In the title role of Richard III by Wm Shakespeare

Steven Barkhimer a magnetic and murderous monarch in ‘Richard III’

By Don Aucoin Globe Staff February 13, 2018

CAMBRIDGE A year ago the intrepid Boston actor-playwright Steven Barkhimer tackled one of the most daunting challenges of his eclectic career, starring as the alternately beleaguered and vengeful George in Edward Albee’s “Who’s Afraid of Virginia Woolf?’’ at Lyric Stage.

Now Barkhimer is climbing another steep performative mountain: the villainous title figure in “Richard III,’’ which is one of the longest roles in all of Shakespeare.

Even in the streamlined version of “Richard III’’ that is directed by Robert Walsh for Actors’ Shakespeare Project, it’s an immensely demanding part, and Barkhimer acquits himself admirably. Key to his success is that Barkhimer whose own pleasure in performance has always been a quality to savor embraces the all-encompassing theatricality of the scheming, bloody-minded monarch he’s playing. He gives us a Richard who is acting at virtually every moment of his dealings with others. For all the avidity of Barkhimer’s portrayal, Richard’s disability is handled in a wisely understated manner. Although his left arm is held tight against his chest by a black sling, Barkhimer wears no hump and does not over-emphasize Richard’s limp…

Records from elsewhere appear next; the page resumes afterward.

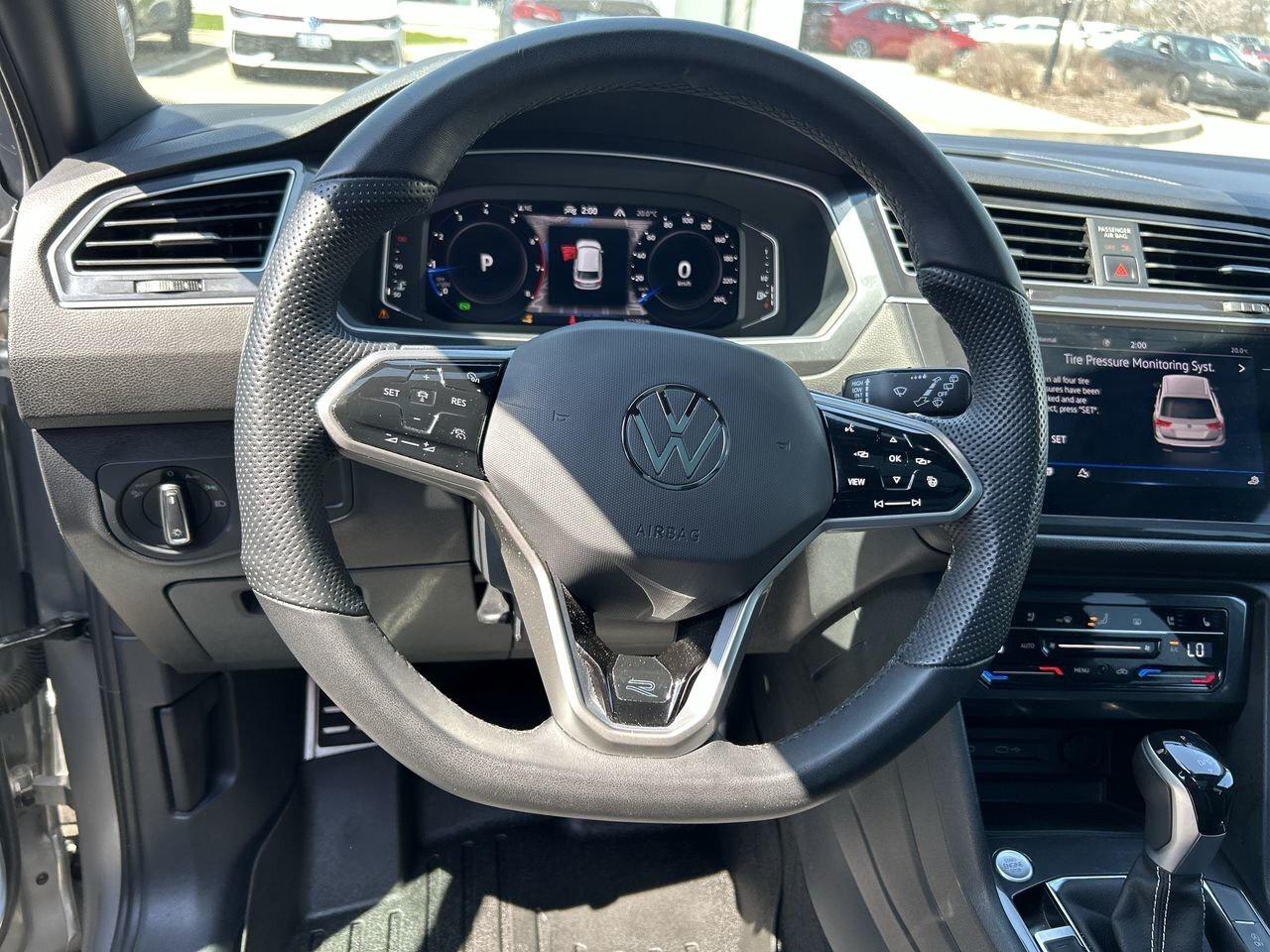 2023 Volkswagen Tiguan Highline 2.0T 8sp at w/Tip 4M Leather  Alloy Wheel Photo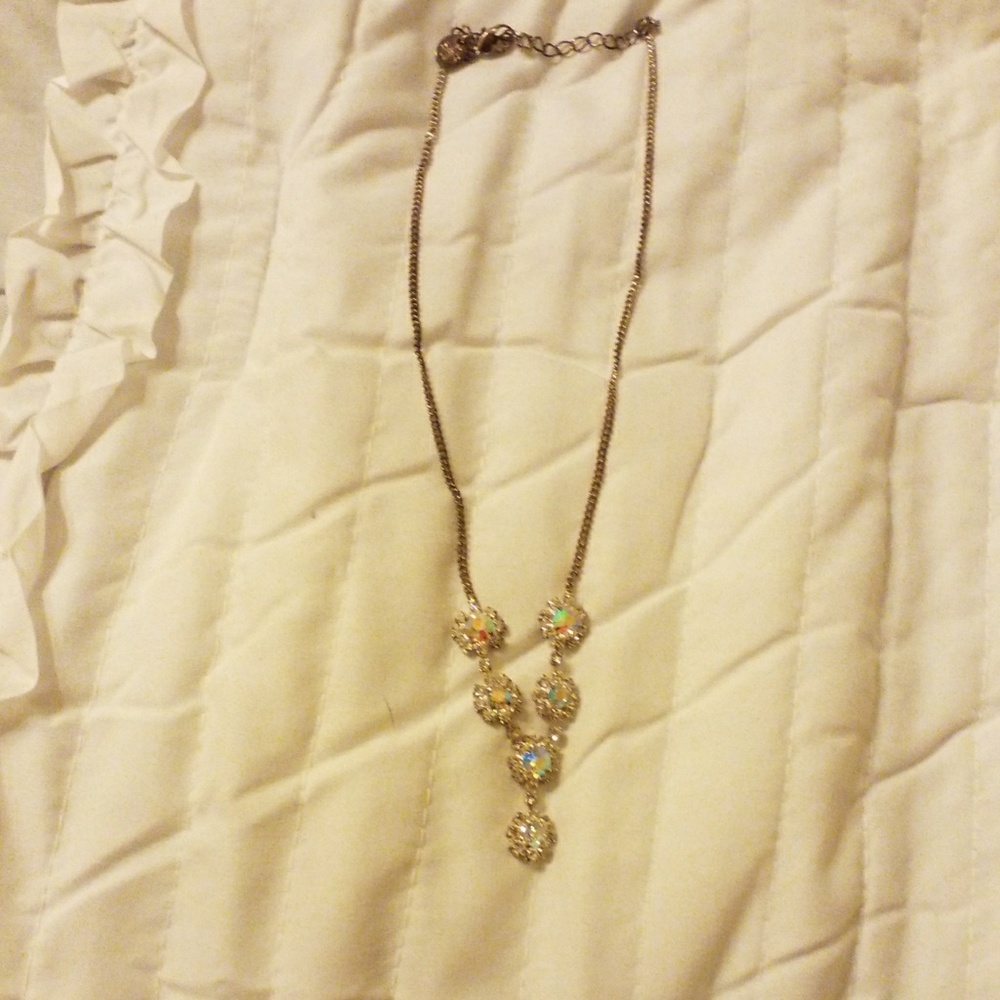 Crystal like necklace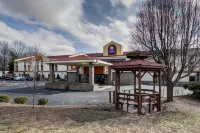 Comfort Inn & Suites Statesville - Mooresville - 2-Star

Don Aucoin can be reached at aucoin@globe.com. Follow him on Twitter@GlobeAucoin

A RIVETING RICHARD III AT ACTORS’ SHAKESPEARE PROJECT
February 14, 2018 By CHRISTOPHER EHLERS  digboston.com

Richard III is the third production of Actors’ Shakespeare Project’s current season, themed “The Downfall of Despots.” It follows Exit the King, an absurdist comedy about an incompetent king who has run his country into the ground, and Julius Caesar, a look at the perils of rhetoric-loving, narcissistic politicians.

The parallels to the current political hellhole that we’re all dealing with right now are not hard to draw, and if there is anything at all to be grateful for in all of this, it’s that we’ve gotten some damn good theater as a result.

“Damn good,” though, doesn’t even come halfway close to describing how excellent Robert Walsh’s production of Richard III is, now playing at the Swedenborg Chapel in Harvard Square through March 11.

This is a no-frills production with the only bells and whistles being Shakespeare’s delectable dialogue and an arsenal of incredible performances, led by the excellent Steven Barkhimer as Richard, one of theater’s most engrossing villains.